PSHK: Evaluasi Menyeluruh Mekanisme Pembentukan Peraturan Pelaksana UU Cipta Kerja
Berita

PSHK: Evaluasi Menyeluruh Mekanisme Pembentukan Peraturan Pelaksana UU Cipta Kerja

Ini menunjukkan kegagalan upaya penyederhanaan regulasi yang selama ini diklaim Pemerintah sebagai tujuan awal omnibus law. Alih-alih menyederhanakan regulasi, UU Cipta Kerja justru menciptakan banyak blangko kosong berupa pelimpahan pengaturan kepada berbagai jenis peraturan pelaksana.

Agus Sahbani
Bacaan 4 Menit
Ilustrasi penyusunan peraturan. Hol
Ilustrasi penyusunan peraturan. Hol

Pada 2 Februari 2021, Presiden Joko Widodo telah mengesahkan 49 peraturan pelaksana sebagai turunan UU No.11 Tahun 2020 tentang Cipta Kerja. Sebanyak 45 diantaranya merupakan Peraturan Pemerintah (PP), sementara 4 lainnya dalam bentuk Peraturan Presiden (Perpres).
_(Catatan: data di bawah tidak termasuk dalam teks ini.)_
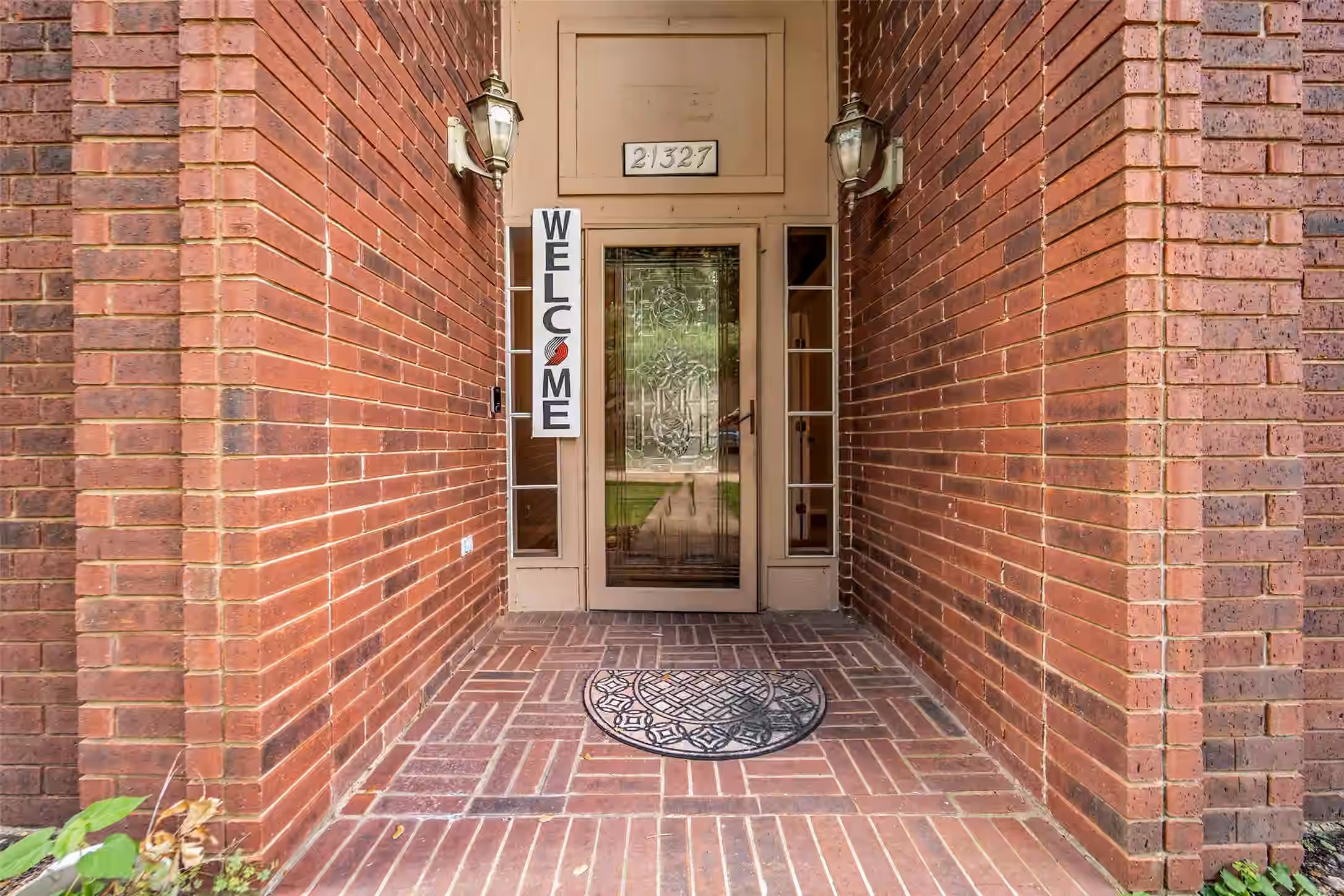 Photo 4 of 21327 Park Bishop Drive, Katy, TX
Jumlah itu masih mungkin bertambah mengingat UU Cipta Kerja mengamanatkan lebih dari 450 ketentuan untuk diatur lebih lanjut dalam peraturan delegasi.
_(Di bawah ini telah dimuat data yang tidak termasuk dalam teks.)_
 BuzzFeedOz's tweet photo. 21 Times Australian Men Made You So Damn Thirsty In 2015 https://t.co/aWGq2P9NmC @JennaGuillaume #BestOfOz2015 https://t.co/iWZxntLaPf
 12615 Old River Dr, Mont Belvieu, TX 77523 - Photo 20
“Fakta ini bertentangan dengan misi penyederhanaan regulasi yang digaungkan Pemerintah sejak menggagas RUU Omnibus Cipta Kerja akhir 2019 lalu,” ujar Direktur Advokasi dan Jaringan Pusat Studi Hukum dan Kebijakan Indonesia (PSHK), Fajri Nursyamsi saat dikonfirmasi, Rabu (10/3/2021). (Baca Juga: ICEL: Pemerintah Terapkan Omnibus Law dalam PP Turunan UU Cipta Kerja)
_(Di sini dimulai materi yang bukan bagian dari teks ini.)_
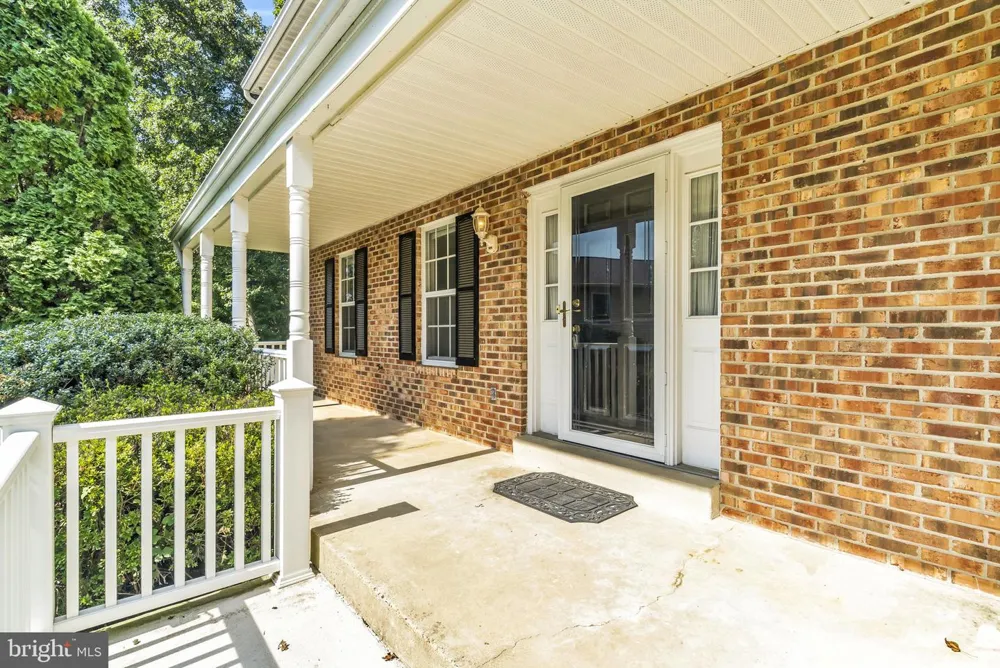 8516 INNISFREE DRIVE Springfield, VA 22153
Terlebih, 49 peraturan pelaksana yang telah disahkan tersebut memuat total 466 materi ketentuan yang perlu diatur lebih lanjut dalam peraturan delegasi lainnya. Rinciannya, sebanyak 11 materi didelegasikan ke PP; 11 materi ke Perpres; 377 materi ke Peraturan Menteri (Permen); 60 materi ke peraturan Lembaga Pemerintah Non-Kementerian (LPNK); dan 7 materi ke Peraturan Daerah (Perda). 

Perlu dicatat pula, kata dia, perintah pengaturan lebih lanjut yang diamanatkan 49 peraturan pelaksana itu tak hanya ke peraturan dengan tingkatan yang lebih rendah, tetapi juga ke peraturan yang sejajar. Hal ini terjadi pada sejumlah PP yang memuat total 11 materi untuk diatur lebih lanjut dengan PP tersendiri dan 1 Perpres yang memuat sebuah materi untuk diatur lebih lanjut dengan Perpres tersendiri.

Dia mengakui secara yuridis UU No. 12 Tahun 2011 tentang Pembentukan Peraturan Perundang-undangan (UU PPP) tidak melarang delegasi pengaturan dari satu peraturan ke peraturan lain yang sejajar secara hierarkis. Hal itu dituangkan dalam ketentuan teknis pada Lampiran II Bab 2 UU PPP yang mengatur bentuk pendelegasian sejajar antar-UU dan antar-Perda.

Namun, menurutnya pendelegasian diantara peraturan yang sejajar ini merupakan kerangka berpikir masa lalu yang menunjukkan inkonsistensi Pemerintah dalam melaksanakan simplifikasi regulasi. Pendelegasian sejajar ini berpotensi melahirkan disharmoni antarperaturan dan dapat menyebabkan kerumitan baru dalam persoalan manajemen pembuatan regulasi.

Selain itu, pendelegasian ketentuan kepada Permen dan peraturan LPNK juga memiliki problematika tersendiri. Kedua jenis peraturan itu, terutama Permen, mendominasi jumlah regulasi di Indonesia dalam sepuluh tahun terakhir. UU PPP dan berbagai peraturan turunannya belum mengatur mekanisme kontrol atas pembentukan Permen dan peraturan LPNK.